昨年度までに開発したオペランド二次イオン質量分析(SIMS)法を実用的な酸化物型固体電池の解析に応用した。ポテンショスタット及び電流導入端子により、定電流の条件でSIMS装置内での充放電を行い、イメージング測定を実施した。充電過程では、正極活物質の断面からLiが脱離する過程が7Liイメージング測定により観察された。Li強度は電解質に近い部分から減少し、充電が進行するにつれて正極活物質全体に広がっていくことが確認された。このことは充電過程において、正極活物質粒子内のLi濃度(充電状態)が不均一になることを示している。以上のことから、オペランドSIMSは固体電池のリチウム分布を実験的に可視化できる非常に有力な手法であることが実証された。
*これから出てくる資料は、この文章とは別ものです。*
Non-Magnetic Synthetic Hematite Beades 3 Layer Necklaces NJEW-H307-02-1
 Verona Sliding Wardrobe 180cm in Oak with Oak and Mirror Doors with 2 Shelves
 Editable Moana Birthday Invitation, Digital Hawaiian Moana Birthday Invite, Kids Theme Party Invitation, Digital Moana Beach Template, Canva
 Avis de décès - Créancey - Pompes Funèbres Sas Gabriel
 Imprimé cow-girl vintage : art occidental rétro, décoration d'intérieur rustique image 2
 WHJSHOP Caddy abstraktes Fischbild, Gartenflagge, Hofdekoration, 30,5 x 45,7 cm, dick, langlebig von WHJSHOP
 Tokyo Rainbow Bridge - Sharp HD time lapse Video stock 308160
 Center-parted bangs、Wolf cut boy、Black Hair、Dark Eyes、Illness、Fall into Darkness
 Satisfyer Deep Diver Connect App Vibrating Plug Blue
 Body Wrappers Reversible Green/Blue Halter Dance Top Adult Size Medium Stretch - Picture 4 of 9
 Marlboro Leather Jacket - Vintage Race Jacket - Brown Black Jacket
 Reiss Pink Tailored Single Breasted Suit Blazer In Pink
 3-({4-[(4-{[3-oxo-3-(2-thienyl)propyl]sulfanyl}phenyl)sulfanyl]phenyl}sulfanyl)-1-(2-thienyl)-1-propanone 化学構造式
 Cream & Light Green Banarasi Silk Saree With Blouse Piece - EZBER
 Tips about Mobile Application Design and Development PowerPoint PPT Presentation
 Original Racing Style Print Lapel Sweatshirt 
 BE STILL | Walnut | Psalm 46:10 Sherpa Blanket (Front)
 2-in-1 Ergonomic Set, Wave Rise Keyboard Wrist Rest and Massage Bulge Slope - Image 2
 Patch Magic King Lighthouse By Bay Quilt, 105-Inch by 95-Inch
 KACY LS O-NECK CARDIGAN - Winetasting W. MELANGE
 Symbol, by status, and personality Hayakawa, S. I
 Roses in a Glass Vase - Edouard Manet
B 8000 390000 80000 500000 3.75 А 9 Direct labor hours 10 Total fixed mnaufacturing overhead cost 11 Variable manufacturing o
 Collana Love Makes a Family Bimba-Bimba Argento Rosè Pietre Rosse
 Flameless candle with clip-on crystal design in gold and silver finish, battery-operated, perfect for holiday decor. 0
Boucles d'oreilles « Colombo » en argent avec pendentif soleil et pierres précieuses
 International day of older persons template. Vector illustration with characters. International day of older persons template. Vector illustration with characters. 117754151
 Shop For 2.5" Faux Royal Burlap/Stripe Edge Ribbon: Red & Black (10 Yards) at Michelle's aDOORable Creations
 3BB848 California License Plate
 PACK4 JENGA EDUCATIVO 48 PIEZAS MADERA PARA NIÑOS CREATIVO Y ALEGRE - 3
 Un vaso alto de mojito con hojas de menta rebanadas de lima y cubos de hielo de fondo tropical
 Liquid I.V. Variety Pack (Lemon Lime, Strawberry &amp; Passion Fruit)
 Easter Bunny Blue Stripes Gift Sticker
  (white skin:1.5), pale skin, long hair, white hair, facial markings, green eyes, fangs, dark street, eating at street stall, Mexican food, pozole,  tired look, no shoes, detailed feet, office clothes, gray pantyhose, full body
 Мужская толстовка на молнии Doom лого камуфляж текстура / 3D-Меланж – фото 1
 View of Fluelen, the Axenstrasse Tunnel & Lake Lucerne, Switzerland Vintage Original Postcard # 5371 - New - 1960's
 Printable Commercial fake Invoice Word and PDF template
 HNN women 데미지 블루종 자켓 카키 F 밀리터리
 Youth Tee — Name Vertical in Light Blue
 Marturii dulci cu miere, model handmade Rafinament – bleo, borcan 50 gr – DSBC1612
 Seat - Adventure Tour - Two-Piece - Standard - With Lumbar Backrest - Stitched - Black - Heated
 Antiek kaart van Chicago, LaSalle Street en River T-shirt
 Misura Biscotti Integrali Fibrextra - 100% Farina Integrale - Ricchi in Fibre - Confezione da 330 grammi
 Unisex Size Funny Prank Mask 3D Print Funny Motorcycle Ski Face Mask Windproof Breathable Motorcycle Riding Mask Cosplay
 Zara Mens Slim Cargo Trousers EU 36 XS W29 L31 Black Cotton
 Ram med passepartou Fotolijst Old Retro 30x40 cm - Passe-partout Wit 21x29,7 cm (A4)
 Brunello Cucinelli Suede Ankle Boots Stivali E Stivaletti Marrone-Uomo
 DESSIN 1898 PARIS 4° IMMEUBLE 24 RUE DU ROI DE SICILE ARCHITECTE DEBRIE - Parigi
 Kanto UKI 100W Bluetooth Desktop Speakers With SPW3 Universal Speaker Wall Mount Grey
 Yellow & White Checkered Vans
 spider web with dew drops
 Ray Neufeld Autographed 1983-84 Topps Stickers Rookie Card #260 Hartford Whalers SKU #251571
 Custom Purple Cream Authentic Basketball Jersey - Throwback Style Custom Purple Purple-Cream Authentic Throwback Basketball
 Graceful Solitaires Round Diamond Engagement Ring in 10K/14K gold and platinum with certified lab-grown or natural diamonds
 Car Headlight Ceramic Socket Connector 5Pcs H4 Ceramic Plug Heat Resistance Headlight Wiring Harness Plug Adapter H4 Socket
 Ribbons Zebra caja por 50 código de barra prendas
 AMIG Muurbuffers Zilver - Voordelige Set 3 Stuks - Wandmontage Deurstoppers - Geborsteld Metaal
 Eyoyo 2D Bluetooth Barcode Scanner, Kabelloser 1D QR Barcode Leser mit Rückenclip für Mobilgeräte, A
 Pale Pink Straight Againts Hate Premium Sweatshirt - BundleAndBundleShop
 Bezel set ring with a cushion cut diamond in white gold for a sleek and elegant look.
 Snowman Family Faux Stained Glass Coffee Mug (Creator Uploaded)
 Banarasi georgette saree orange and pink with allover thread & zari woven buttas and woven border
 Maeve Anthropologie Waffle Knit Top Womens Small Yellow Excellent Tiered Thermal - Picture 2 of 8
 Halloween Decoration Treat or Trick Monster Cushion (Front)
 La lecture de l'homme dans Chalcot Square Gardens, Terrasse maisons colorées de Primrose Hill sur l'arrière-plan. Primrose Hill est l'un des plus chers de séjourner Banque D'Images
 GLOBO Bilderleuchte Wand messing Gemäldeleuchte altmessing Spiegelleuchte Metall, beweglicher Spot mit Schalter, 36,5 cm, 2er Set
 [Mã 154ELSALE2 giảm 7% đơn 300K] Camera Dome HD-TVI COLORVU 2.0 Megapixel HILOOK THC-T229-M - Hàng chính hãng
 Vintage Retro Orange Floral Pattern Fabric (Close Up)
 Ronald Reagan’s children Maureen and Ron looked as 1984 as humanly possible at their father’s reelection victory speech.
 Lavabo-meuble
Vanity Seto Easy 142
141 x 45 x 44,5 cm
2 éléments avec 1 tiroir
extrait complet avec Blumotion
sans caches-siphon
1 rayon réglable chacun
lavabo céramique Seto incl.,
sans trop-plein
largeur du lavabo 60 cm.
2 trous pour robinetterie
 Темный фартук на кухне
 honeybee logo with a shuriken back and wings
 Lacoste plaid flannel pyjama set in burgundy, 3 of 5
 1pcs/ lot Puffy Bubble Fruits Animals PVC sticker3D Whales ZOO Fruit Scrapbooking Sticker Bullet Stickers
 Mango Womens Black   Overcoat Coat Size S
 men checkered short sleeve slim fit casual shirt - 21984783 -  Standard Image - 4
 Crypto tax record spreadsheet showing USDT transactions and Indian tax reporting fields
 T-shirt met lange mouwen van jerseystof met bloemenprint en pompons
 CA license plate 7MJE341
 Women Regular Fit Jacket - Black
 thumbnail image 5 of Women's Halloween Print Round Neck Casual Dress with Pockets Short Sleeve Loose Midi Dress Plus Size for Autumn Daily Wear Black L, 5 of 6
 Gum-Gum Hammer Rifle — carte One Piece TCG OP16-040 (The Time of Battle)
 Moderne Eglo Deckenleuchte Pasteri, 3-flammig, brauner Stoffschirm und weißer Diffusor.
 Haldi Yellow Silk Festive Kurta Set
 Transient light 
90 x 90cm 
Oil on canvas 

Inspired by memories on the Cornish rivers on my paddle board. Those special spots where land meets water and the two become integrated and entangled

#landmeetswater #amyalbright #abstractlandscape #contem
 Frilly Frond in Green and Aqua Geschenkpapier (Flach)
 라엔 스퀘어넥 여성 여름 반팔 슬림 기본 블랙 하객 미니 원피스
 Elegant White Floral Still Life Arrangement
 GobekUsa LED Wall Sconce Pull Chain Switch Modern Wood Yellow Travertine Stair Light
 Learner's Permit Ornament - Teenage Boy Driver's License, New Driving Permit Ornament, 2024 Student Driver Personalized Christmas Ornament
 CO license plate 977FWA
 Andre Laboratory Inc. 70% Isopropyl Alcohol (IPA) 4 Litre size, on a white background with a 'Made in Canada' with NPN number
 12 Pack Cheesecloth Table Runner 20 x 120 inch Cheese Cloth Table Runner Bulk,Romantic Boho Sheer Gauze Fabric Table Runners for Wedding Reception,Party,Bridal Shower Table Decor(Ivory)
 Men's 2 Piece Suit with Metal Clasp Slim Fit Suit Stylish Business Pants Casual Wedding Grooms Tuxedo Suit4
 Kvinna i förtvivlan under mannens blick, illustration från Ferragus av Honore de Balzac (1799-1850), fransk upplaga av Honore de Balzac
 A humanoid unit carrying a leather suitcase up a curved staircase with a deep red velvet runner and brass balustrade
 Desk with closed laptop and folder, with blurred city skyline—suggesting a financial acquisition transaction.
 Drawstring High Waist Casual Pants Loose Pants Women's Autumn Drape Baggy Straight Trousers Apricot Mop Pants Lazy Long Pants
負極側でも同様に測定を行い、Li強度の増加を可視化した。充放電を繰り返すと、可逆的に強度変化が起こることが確認され、オペランドSIMSで充放電による活物質のLi濃度変化を捉えられることが示された。活物質内におけるリチウム拡散経路を解明することや、充放電への寄与率を決める手法としてに応用することが期待される。
また、固体電解質のバルク・界面におけるイオンダイナミクスを解明するため、高速イオン伝導体の多結晶におけるバルクと粒界のリチウム拡散係数を同位体トレーサー実験により解析した。この新手法および固体電解質の粒界拡散係数に関する論文は、J. Mater. Chem. A誌に掲載された。また、プレスリリースを行って成果を広く公開した。